Ryu alleges that in November 2019, Ryu had a verbal discussion with Bok, in Bok’s individual capacity and as a director and officer of Taijin, TJ International and TSI, wherein Bok offered to raise Ryu’s monthly salary from $10,000 to $12,000 if Ryu would relinquish his duties and responsibilities in the marketing, managing and operations of TSI to Bok for a two-year period (4AC, ¶¶ 26, 66, 67.)

Defendants assert that the aforesaid oral agreement violates the Statute of Frauds. Civil Code § 1624 provides that “[t]he following contracts are invalid, unless they, or some note or memorandum thereof, are in writing and subscribed by the party to be charged or by the party’s agent: (1) An agreement that by its terms is not to be performed within a year from the making thereof . . .” Ryu cites to Secrest v. Security National Mortgage Loan Trust 2002-2 (2008) 167 Cal.App.4th 544, 556 for the proposition that “[w]here the contract is unilateral, or, though originally bilateral, has been fully performed by one party, the remining promise is taken out of the statute [of frauds], and the party who performed may enforce it against the other” and claims that he has alleged full performance in Paragraph 68. Paragraph 68, however, alleges that Defendants terminated Ryu “before the Two-Year Period had expired;” as such, Ryu could not have fully performed “by stepping back and letting Bok take greater control of [TSI] during the Two-Year Period.”

With that said, Ryu also makes express reference to promissory estoppel “to prevent application of the statute of frauds” (4AC, ¶ 64), which Defendants fail to address.

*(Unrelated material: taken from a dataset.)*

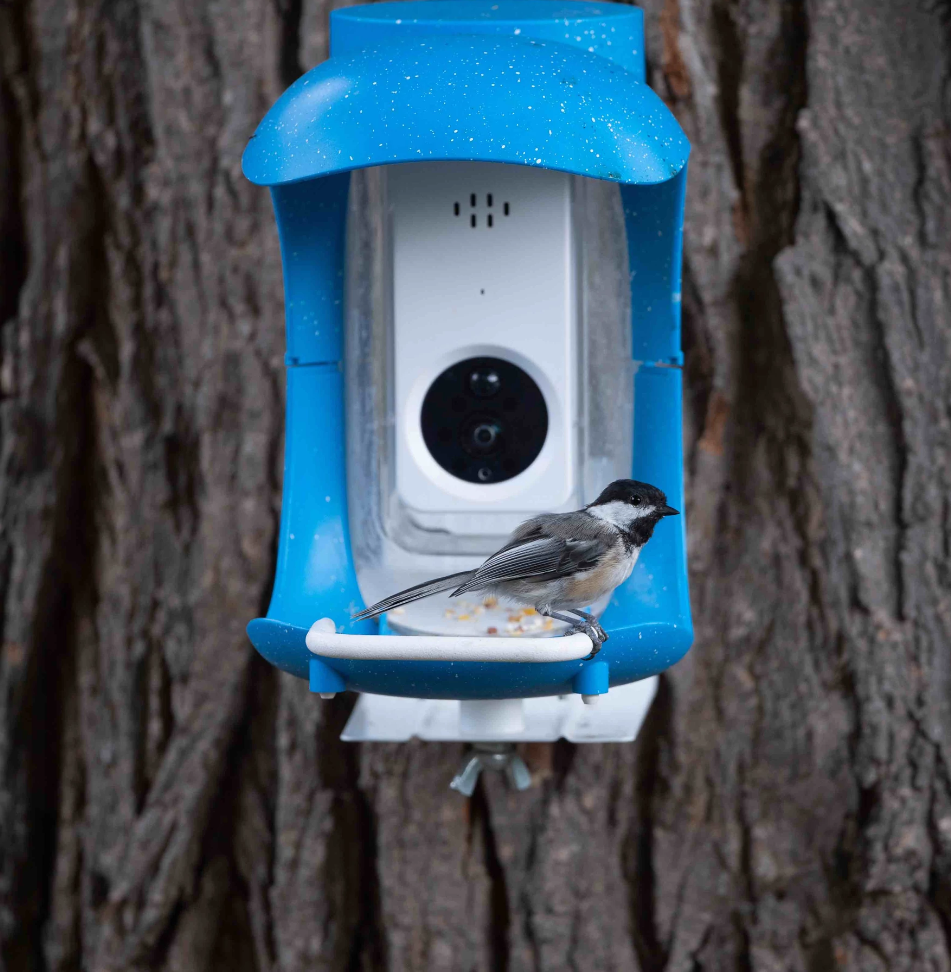 smart-bird-feeder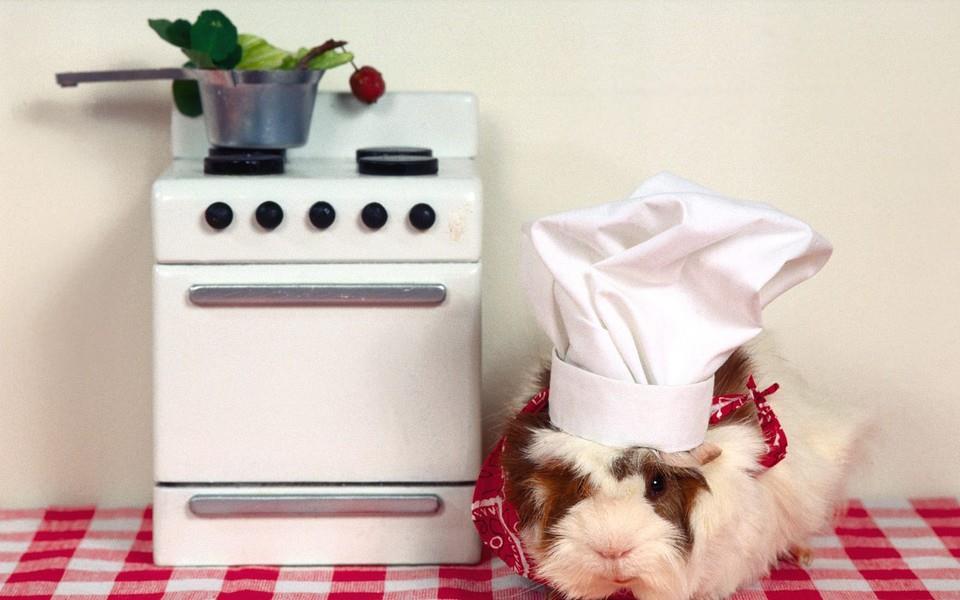 可爱小兔子图片 可爱小兔子图片大全2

Defendants’ demurrer to the second cause of action, then, is overruled.



[1]              The demurrer was filed (and mail-served) on May 24, 2022 and set for hearing on July 14, 2022. On July 1, 2022, the court continued the July 14, 2022 hearing on the demurrer to September 22, 2022, pursuant to Ryu’s ex parte request; notice was waived. On August 11, 2022, a “Notice Re: Continuance of Hearing and Order” was filed, wherein the court rescheduled the September 22, 2022 hearing to September 26, 2022; notice was given to counsel. On August 16, 2022, Ryu filed (and electronically served) a “Notice of Continuances,” advising therein of the rescheduled September 26, 2022 date.